This is a Plain English Papers summary of a research paper called ReRAM Revolution: Stochastic Computing Breakthrough for Edge Devices. If you like these kinds of analysis, you should join AImodels.fyi or follow us on Twitter.
Revolutionizing Edge Computing: All-in-Memory Stochastic Computing using ReRAM
As the demand for efficient, low-power computing in embedded and edge devices grows, traditional computing methods struggle with complex tasks under tight resource constraints. Stochastic Computing (SC) has emerged as a promising alternative, approximating complex arithmetic operations using simple bitwise operations on random bit-streams. However, conventional SC implementations face significant challenges—stochastic bit-stream generators consume over 80% of system power and area, while data movement between memory and processor creates additional overhead.
Researchers have developed a novel approach that implements the entire SC flow within Resistive RAM (ReRAM) memory, leveraging the physical properties of ReRAM devices to achieve remarkable efficiency improvements.
High-level overview of the proposed in-memory SC solution showing the ReRAM array, greater-than operation using basic logic gates, and write latches in peripheral circuitry.
Understanding the Foundations: Background and Technology
ReRAM-based Computing: The Building Blocks
Resistive RAM (ReRAM) is a type of non-volatile memory where data is represented through resistance levels—high resistance state (HRS) for '0' and low resistance state (LRS) for '1'. These memory cells are organized in a 2D grid of rows (wordlines) and columns (bitlines).
ReRAM offers several advantages for compute-in-memory applications:
- DRAM-comparable read performance
- Higher density than conventional memory
- Lower read energy consumption
However, ReRAM also has limitations, including costly write operations that impact energy consumption and endurance. For compute-in-memory applications, 1T1R (one transistor, one resistor) crossbars are extensively used to perform analog matrix-vector multiplication in constant time. Logic operations can be implemented using techniques like MAGIC (Memristor-Aided loGIC) and scouting logic.
Interestingly, ReRAM cells have inherent stochasticity and noise—a property typically considered a disadvantage but one that can be leveraged for generating true random numbers, as demonstrated in the Stoch-IMC: Bit-Parallel Stochastic In-Memory Computing approach.
Stochastic Computing (SC): A Primer
SC represents an unconventional approach to computing where data is encoded as probabilities in random bit-streams rather than using traditional binary representation. In SC, a value x ∈ [0,1] is encoded by the probability of a '1' appearing in a bit-stream. For example, the bit-stream '10101' represents the value 3/5, where 5 is the bit-stream length.
This representation enables complex computations to be performed using simple logic gates:
- Multiplication: implemented with a single AND gate
- Addition: implemented with a multiplexer (MUX)
- Subtraction: implemented with an XOR gate
- Division: implemented with a MUX and D-flip-flop
SC systems comprise three primary components:
- Bit-stream generator that converts data from binary to stochastic representation
- Computation logic that performs bit-wise operations
- Bit-stream to binary converter
The quality of stochastic bit-streams (SBSs) is crucial for accuracy. Conventional SC systems use CMOS-based pseudo-random number generators (PRNGs) like linear-feedback shift registers (LFSRs), but these can lead to suboptimal performance as very long SBSs are needed for acceptable accuracy.

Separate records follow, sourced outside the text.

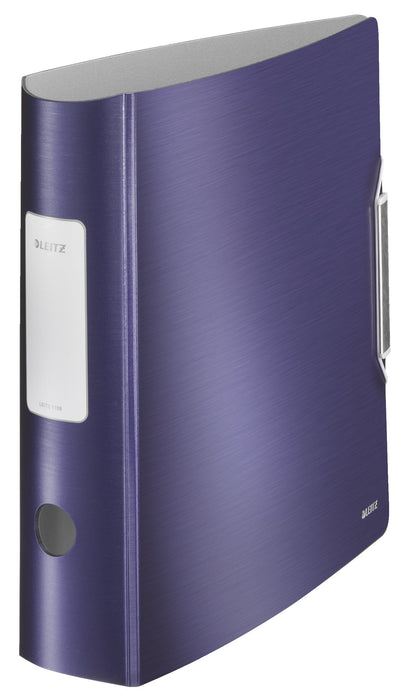 EAN 4002432104598 - Leitz 11080069 carpeta de cartón A4 Azul imagen 1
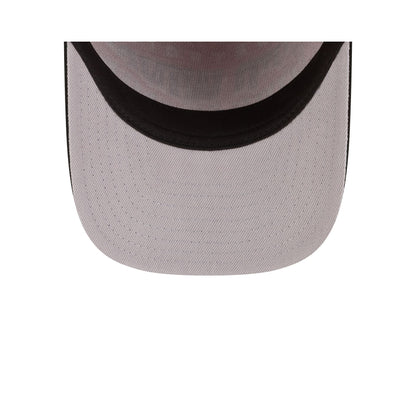 Detroit Red Wings Snapped Wordmark 59FIFTY A-Frame Fitted Hat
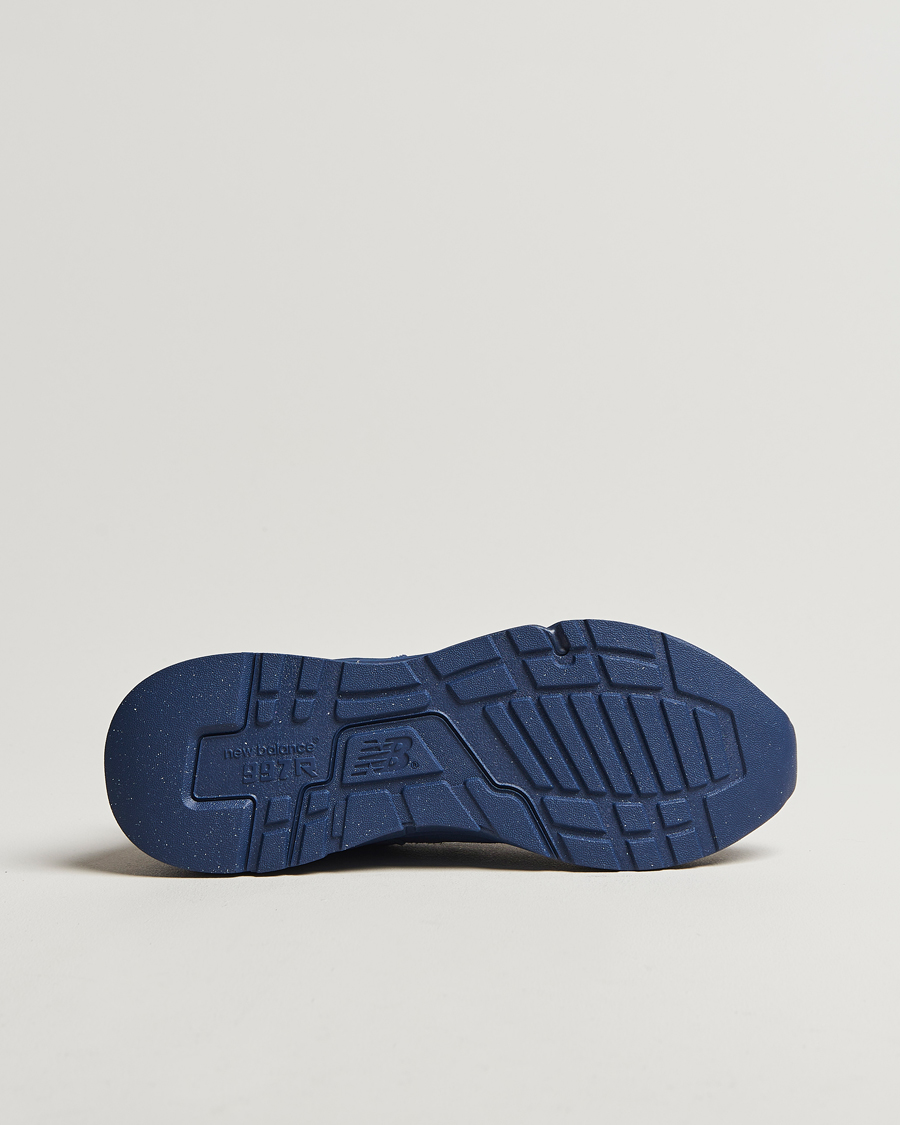 Homme | New Balance 997R Sneakers Navy | New Balance | 997R Sneakers Navy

Another critical aspect of SC is correlation control. Some operations (multiplication and addition) require uncorrelated inputs, while others (subtraction and division) need correlated inputs for correct functionality.

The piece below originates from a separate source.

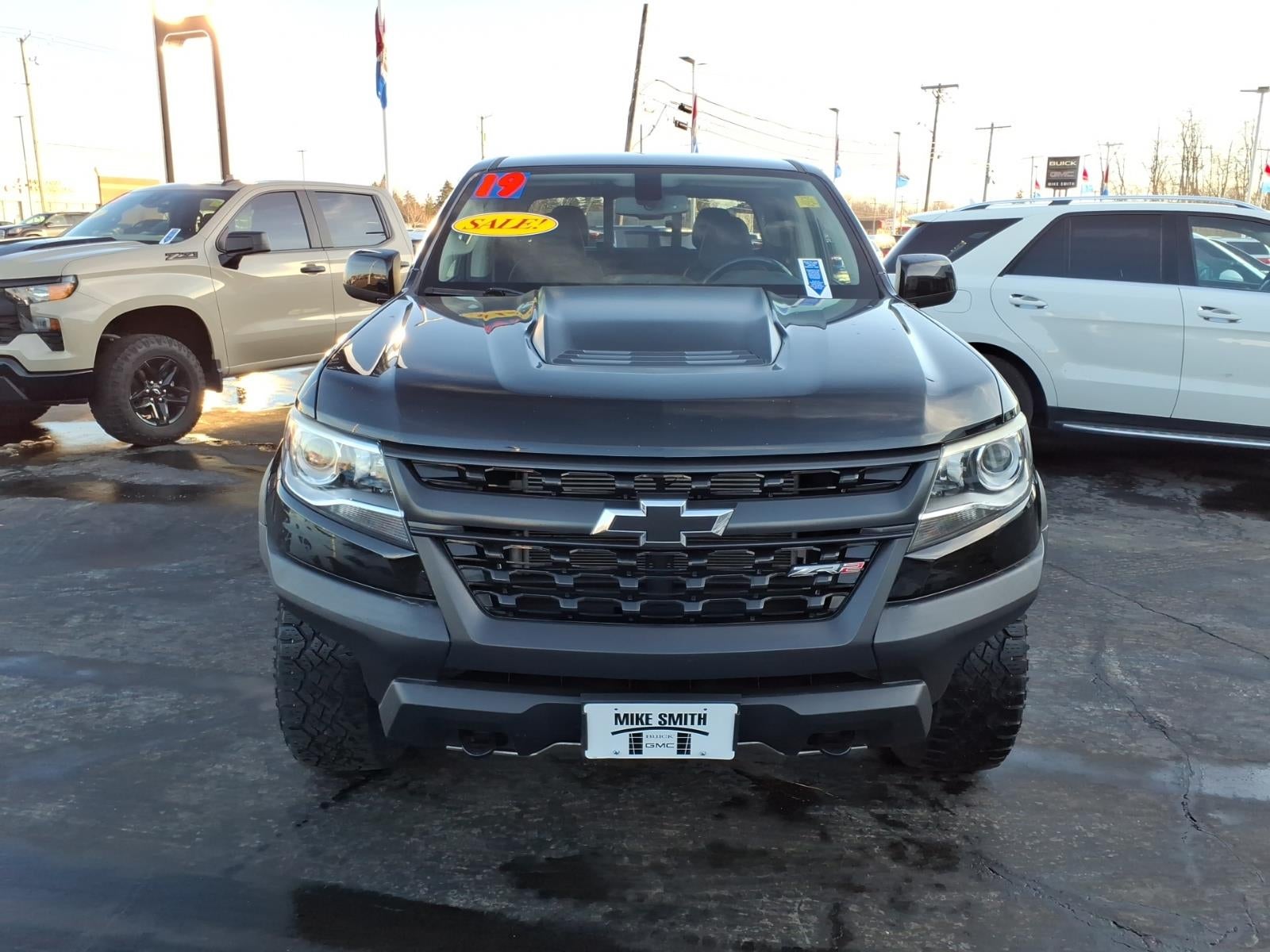 2019 Chevrolet Colorado 4WD ZR2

State-of-the-art In-memory SC Solutions: Current Approaches
Existing compute-in-memory (CIM) SC designs are mostly hybrid implementations. Some use memristive arrays to generate random numbers with CMOS logic for computations, while others do the reverse.
For example, Knag et al. proposed generating SBSs using memristors with off-memory CMOS stochastic circuits for computation. Other approaches exploit the switching stochasticity of probabilistic Conductive Bridging RAM (CBRAM) devices to generate SBSs efficiently in memory.
ReRAM-based SBS generation has also been explored, primarily using the probabilistic switching (write operation) in ReRAM. However, these methods face limitations:
- They're extremely slow
- They negatively affect write endurance
- They can generate SBSs with target probabilities but lack correlation control
The Architectural Exploration of Application-Specific Resonant SRAM Compute paper explores alternative memory-based computing approaches, though with different underlying technologies.
Novel Approach: In-ReRAM Stochastic Computing Architecture
The researchers' approach exploits the physical properties of ReRAM arrays to implement all stages of the SC flow. Multiple arrays are used to parallelize and pipeline different stages of computation.
High-level overview of in-memory SC showing the SC flow, greater-than operation using basic logic gates, scaled addition in SC, CIM array for SC, and sensing circuitry.
Harnessing Noise: RNG using Read Disturbance
The inherent variability of ReRAM devices enables generating true random numbers. This approach utilizes the state instability of TaOx-based devices, which may be caused by electron trapping/detrapping or by oxygen vacancy relocation.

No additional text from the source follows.